Shaya passes up hip-hop trends for a look within

By Gabe Meline

In his apartment up near the airport, with a hand stamp still on the back of his palm from the Giants vs. Dodgers game the day before, Shaya explains the impetus behind his music. "I want people to take away something they can relate to," he says. "It's sorta like thought-provoking music. I'm trying to revive the thought-provoking stuff instead of it just bein' somethin' that goes in one ear and out the other."

With Fallen Awake, released last month, the 30-year-old Santa Rosa MC has more than hit that goal. Full of positive vibes and earthy production, the album is a severely promising first step into the arena that even he himself acknowledges is overpopulated. "Everyone raps, everywhere you turn," he says. "But I didn't know anything about the industry except for what I read inside CDs. Most people don't read the notes inside of the insert, but I would read them and write down on paper who I wanted to work with."

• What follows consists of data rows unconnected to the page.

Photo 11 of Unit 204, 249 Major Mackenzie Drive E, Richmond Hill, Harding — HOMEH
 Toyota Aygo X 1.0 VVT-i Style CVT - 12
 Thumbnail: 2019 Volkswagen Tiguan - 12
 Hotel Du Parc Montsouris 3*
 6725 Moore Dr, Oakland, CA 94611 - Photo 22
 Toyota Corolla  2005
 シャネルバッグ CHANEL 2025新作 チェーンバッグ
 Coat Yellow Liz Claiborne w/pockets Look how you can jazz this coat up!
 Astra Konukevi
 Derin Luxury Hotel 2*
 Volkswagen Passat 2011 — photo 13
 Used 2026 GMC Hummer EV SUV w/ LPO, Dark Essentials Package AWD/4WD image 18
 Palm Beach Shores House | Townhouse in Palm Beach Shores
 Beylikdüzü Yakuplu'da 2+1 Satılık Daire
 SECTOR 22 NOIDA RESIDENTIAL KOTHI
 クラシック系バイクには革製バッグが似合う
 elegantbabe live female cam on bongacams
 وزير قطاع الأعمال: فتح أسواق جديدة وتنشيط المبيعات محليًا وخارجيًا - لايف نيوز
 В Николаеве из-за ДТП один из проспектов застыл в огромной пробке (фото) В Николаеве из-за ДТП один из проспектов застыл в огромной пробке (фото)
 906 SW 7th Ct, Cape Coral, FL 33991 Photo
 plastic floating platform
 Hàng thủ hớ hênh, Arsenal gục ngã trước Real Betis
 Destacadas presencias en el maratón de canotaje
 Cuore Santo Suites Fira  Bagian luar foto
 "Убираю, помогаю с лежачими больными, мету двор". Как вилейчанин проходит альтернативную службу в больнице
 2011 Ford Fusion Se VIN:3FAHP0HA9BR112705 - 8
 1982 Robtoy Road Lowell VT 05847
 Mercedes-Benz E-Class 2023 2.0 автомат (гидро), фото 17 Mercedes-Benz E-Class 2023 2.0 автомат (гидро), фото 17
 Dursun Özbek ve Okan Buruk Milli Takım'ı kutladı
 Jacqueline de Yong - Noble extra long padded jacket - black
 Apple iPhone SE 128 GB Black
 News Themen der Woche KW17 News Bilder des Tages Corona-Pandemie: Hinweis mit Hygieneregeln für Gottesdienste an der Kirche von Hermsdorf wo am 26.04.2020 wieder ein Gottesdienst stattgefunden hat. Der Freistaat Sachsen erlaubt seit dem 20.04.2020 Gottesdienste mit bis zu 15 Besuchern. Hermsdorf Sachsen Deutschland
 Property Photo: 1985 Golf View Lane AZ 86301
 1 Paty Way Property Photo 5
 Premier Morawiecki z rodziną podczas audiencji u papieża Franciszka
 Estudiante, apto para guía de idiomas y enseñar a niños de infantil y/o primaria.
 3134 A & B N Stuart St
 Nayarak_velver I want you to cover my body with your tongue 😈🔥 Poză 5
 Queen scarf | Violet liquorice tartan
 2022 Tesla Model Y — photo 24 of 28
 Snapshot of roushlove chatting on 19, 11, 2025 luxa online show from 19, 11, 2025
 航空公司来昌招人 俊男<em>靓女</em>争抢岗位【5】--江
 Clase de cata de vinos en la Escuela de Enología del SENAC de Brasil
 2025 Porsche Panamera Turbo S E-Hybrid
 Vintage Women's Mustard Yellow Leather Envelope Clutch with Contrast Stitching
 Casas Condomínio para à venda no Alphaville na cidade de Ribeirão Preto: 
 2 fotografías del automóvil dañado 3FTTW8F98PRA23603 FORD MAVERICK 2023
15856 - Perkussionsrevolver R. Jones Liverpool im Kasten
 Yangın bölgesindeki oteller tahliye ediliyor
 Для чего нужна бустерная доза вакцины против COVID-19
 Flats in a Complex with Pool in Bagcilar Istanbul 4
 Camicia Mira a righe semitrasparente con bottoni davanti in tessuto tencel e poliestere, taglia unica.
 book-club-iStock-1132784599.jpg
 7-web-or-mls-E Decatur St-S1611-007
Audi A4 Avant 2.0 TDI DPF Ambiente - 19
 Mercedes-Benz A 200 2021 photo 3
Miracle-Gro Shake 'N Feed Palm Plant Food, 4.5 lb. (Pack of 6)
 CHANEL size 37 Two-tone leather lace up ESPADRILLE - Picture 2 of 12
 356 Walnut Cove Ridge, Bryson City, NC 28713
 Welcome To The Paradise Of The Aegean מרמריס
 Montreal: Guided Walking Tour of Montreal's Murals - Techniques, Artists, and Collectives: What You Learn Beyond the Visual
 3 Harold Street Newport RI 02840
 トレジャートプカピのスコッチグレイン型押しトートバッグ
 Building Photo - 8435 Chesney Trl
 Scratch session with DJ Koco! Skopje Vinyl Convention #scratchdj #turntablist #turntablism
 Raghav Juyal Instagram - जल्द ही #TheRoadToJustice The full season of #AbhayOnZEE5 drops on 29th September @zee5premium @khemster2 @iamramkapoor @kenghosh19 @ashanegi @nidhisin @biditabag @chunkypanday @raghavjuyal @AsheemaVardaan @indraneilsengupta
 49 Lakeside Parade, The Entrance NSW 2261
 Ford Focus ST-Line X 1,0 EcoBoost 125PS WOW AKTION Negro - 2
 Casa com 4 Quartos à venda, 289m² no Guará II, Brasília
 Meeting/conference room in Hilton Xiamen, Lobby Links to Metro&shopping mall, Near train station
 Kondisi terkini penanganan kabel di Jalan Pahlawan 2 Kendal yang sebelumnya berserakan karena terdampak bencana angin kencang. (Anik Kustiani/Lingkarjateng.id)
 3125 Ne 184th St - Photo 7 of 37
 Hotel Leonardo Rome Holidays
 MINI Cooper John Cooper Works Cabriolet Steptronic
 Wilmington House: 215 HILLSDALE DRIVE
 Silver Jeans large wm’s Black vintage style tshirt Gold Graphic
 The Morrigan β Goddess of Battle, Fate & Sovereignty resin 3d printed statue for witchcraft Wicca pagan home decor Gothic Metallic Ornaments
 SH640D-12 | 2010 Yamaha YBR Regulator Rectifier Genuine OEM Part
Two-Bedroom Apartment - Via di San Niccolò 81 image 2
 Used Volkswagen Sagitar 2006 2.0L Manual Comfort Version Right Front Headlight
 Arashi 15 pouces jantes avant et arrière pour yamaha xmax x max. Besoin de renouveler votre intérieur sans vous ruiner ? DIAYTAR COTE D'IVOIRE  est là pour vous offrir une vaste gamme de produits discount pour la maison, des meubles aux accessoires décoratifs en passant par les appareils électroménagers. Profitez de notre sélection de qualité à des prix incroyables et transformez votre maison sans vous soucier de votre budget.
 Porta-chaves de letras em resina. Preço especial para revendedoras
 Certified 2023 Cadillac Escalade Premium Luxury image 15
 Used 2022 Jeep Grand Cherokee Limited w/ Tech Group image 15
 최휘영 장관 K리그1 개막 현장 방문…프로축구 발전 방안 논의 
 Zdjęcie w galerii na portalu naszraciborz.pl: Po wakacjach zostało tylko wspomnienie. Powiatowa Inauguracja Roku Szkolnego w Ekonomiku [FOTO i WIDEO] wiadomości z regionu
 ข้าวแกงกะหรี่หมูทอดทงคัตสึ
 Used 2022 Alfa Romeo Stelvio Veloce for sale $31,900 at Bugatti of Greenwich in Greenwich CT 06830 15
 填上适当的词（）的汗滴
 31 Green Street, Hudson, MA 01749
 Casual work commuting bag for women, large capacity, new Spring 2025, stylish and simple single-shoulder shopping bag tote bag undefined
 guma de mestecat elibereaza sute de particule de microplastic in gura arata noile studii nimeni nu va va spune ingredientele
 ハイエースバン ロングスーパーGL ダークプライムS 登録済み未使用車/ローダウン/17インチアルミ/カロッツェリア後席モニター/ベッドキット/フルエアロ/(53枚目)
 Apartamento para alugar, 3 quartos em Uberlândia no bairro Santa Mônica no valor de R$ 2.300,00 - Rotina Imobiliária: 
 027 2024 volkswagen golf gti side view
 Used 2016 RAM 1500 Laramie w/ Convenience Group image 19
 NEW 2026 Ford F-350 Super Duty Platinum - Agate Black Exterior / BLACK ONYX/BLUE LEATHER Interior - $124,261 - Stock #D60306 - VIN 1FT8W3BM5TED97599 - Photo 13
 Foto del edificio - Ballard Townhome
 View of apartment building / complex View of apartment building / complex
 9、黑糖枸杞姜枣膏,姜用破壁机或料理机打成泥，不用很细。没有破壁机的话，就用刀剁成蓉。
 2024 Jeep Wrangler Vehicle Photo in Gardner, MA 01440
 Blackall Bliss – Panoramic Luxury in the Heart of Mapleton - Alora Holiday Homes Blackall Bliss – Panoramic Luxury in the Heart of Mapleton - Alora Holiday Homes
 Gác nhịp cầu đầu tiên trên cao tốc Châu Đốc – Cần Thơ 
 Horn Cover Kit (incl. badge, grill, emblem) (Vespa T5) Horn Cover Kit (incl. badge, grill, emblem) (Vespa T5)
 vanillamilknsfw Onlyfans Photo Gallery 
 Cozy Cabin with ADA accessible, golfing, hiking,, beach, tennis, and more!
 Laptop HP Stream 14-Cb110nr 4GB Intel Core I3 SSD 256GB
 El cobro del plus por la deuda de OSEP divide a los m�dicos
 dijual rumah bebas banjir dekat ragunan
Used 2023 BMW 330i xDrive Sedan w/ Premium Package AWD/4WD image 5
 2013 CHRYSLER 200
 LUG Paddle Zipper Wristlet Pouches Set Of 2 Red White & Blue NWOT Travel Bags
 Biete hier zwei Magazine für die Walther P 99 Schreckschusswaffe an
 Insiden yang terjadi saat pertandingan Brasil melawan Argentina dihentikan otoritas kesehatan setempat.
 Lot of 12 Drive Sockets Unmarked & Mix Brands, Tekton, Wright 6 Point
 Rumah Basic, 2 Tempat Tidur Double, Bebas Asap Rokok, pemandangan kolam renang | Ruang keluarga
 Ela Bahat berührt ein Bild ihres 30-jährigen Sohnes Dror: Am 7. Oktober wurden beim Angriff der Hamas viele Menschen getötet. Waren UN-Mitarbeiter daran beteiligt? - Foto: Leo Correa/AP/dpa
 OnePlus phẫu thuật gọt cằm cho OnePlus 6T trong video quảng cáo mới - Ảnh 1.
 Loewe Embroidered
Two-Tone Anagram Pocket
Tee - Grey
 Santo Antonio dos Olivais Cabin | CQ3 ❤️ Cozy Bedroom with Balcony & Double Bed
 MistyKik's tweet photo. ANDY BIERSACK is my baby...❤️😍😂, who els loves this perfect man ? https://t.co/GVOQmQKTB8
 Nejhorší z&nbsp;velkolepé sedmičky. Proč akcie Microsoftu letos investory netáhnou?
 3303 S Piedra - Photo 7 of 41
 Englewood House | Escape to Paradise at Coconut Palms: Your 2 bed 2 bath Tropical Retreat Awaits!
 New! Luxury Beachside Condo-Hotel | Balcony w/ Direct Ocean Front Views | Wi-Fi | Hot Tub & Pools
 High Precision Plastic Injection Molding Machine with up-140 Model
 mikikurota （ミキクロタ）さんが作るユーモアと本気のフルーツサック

It worked. With G-Unit producer Jake One behind the hard-hitting "Fall Back" and a slew of other up-and-coming producers on other standout tracks, Fallen Awake is a 14-course serving of East Coast–style hip hop—Philly-soul string breaks lie smooth above scattered Dilla-esque beats. But it's Shaya's natural command of the mic that elevates the album from just another indie-rap release. Shaya acquired the talent at a young age, in unusual fashion: by transcribing L. L. Cool J lyrics in a notebook, and then replacing the words, one by one, with his own.

Never one for trends (best dis in 2008: "You the past, bro / Gone like hyphy"), Shaya opts for the classics, reclining in a Jimi Hendrix T-shirt and citing Q-Tip of A Tribe Called Quest as his favorite MC. But it was Los Angeles rapper Ras Kass, whom Shaya met outside S.F.'s Maritime Hall, who gave the up-and-comer his best advice. "I was talkin' to him about my stuff, telling him, 'I'll be the next you,'" says Shaya, "and he was like, 'No, man. Be the next you.'"

One song, "Thinking Cap," tells the story of Shaya's self-discovery. In a series of questions to himself, he settles on the album's spiritual core: "Someday, I want to fly and let my wings spread wide / I survive with lazy vision so they tell me love is blind / They say this is my best shit, but I don't really know / Maybe writin' what I feel'll give me character to grow."

Personal growth and artistic growth go hand in hand, but in hip-hop, it's career growth that's the most elusive. On "Industry Life," Shaya raps that "my album's the biggest secret in the Bay on the unda." If even the smallest whisper of it gets out, it won't be for long.